WORK INSTRUCTIONS ▸
Can you transcribe the data exactly? Leave the pictures out.

COLLECTED DATA ▸
====
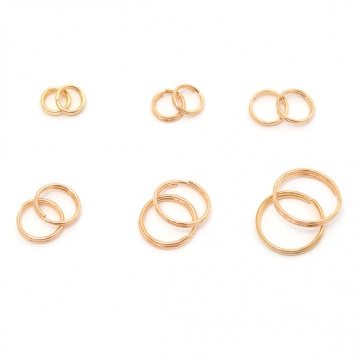 二重カン 鉄製 2重リング ダブルリング キーホルダー 基礎金具 接続金具 約0.6×5mm（50ヶ）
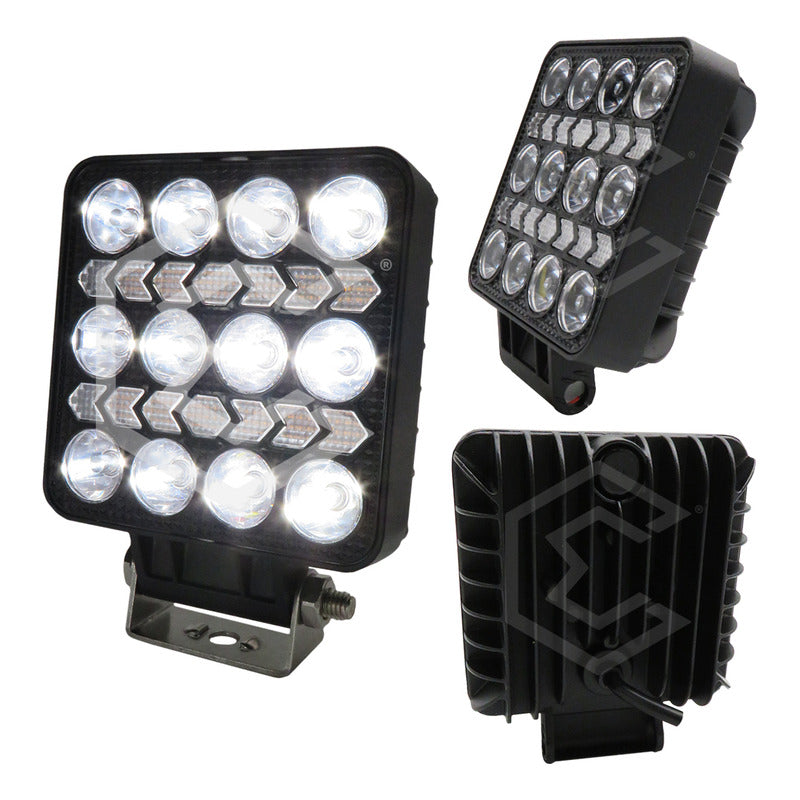 Par Faros 16 Leds 10 Lupas Bicolor 3 Funciones Flecha 12-24v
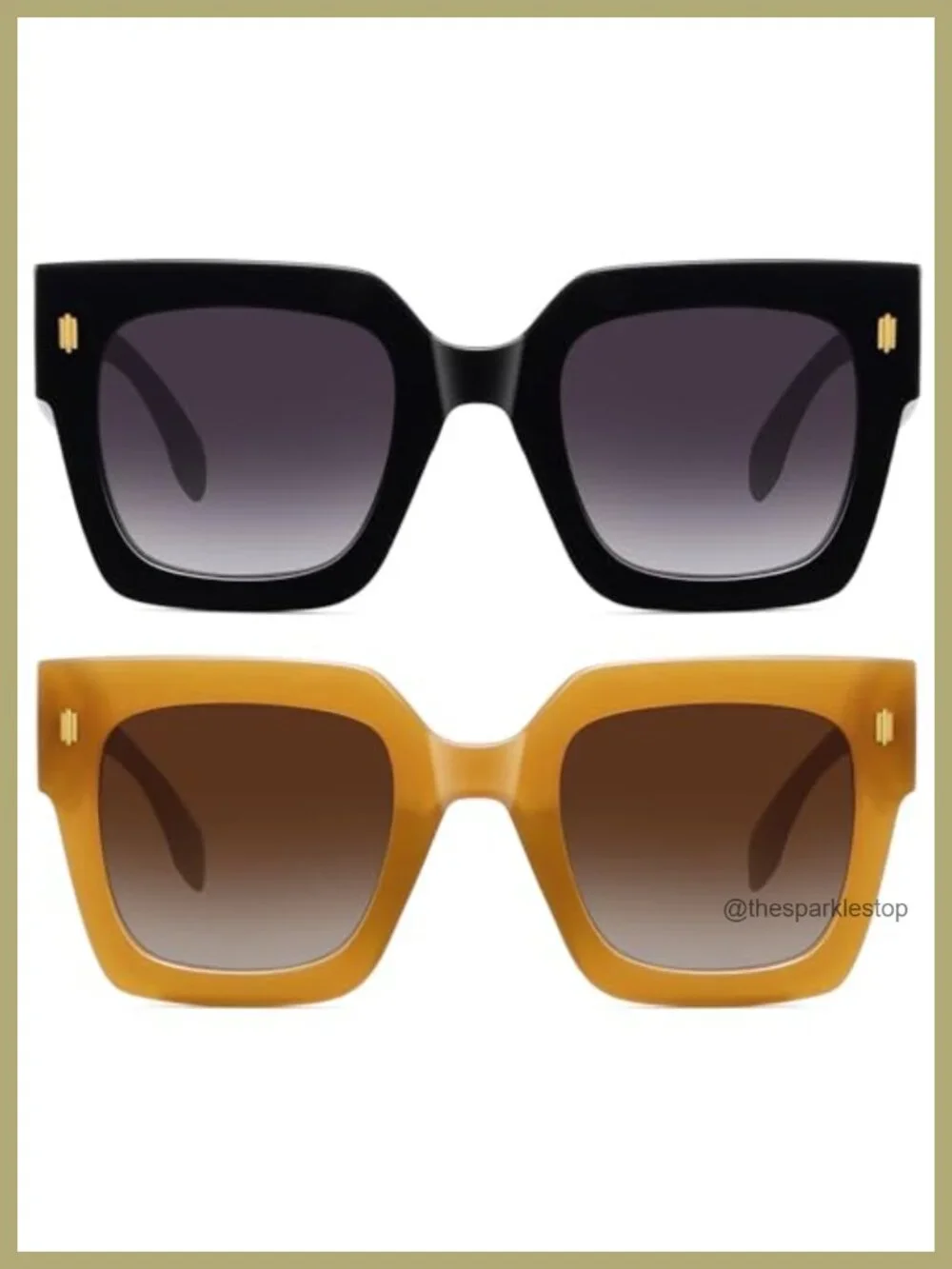 Retro Square Sunglasses Oversized UV400 Protection Large Shades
====
WRITTEN RESPONSE ▸
 二重カン 鉄製 2重リング ダブルリング キーホルダー 基礎金具 接続金具 約0.6×5mm（50ヶ）
 Par Faros 16 Leds 10 Lupas Bicolor 3 Funciones Flecha 12-24v
 Retro Square Sunglasses Oversized UV400 Protection Large Shades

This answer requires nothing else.